Question

Set up a two particle, totally elastic collision. Make the two particles have different masses. Analyze the collision (determine initial and final velocities of the two particles) in three different frames. One frame must be the center of mass frame, one frame must be co-moving with one of the particles before the collision, and the third frame is up to you. In each frame calculate the change in kinetic energy for each particle and compare these values.
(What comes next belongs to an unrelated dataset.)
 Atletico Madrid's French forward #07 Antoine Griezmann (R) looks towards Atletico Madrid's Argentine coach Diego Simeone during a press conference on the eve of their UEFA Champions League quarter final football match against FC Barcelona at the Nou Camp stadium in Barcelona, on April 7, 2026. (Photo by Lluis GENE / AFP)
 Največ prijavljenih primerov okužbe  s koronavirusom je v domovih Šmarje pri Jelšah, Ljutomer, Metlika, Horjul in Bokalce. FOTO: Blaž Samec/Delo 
That is, does ∆K1 = −∆K2 as expected from energy conservation?

Answer 1

Let mass of first particle be m and second particle be 2m.Let the first particle is moving right with speed 2v and second particle with v towards left.

Velocity of center of mass Vcm = ( m*2v-2m*v)/(m+2m) =0

Final velocities in ground frame are V1 and V2 towards right.

mV1 +2mv2 = m*2v - 2mv =0

V1 =-2v2

And rate of separation = rate of approach.

V2 - V1 = 2v+v

V2+2V2 = 3v

V2 = 3v/3 = v

V1 = - 2v

Case1) Center of mass frame.

delta K1 = 0.5*m*[(-2v-vcm) ^2 - (2v-Vcm )^2

= 0.5*m*(4v^2 - 4v^2) =0

Delta K2 = 0.5*2m*(v- vcm) ^2 - (-v-vcm) ^2)

= 0

Hence delta k1= - delta K2

case2: Let the referance frame is comoving with first particle with velocity 2v rightward.
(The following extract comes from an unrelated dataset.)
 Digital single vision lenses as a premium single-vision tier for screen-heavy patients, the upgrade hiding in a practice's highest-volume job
delta K1 = 0.5*m[(-2v - 2v)^2 - (2v - 2v)^2 ] = 8mv^2

delta K2 = 0.5*2m[(v - 2v)^2 - (-v - 2v)^2 ] = -8mv^2

hence delta K1 = - delta k2

case3] frame of reference moves rightward with v.

delta K1 = 0.5*m[(-2v - v)^2 - (2v - v)^2 ] = 4mv^2

delta K2 = 0.5*2m[(v - v)^2 - (-v - v)^2 ] = -4mv^2

hence delta K1 = - delta k2

Yes, ∆K1 = −∆K2 as expected from energy conservation as it is elastic collision, so whatever KE is increased in first body has to be decreased from second body.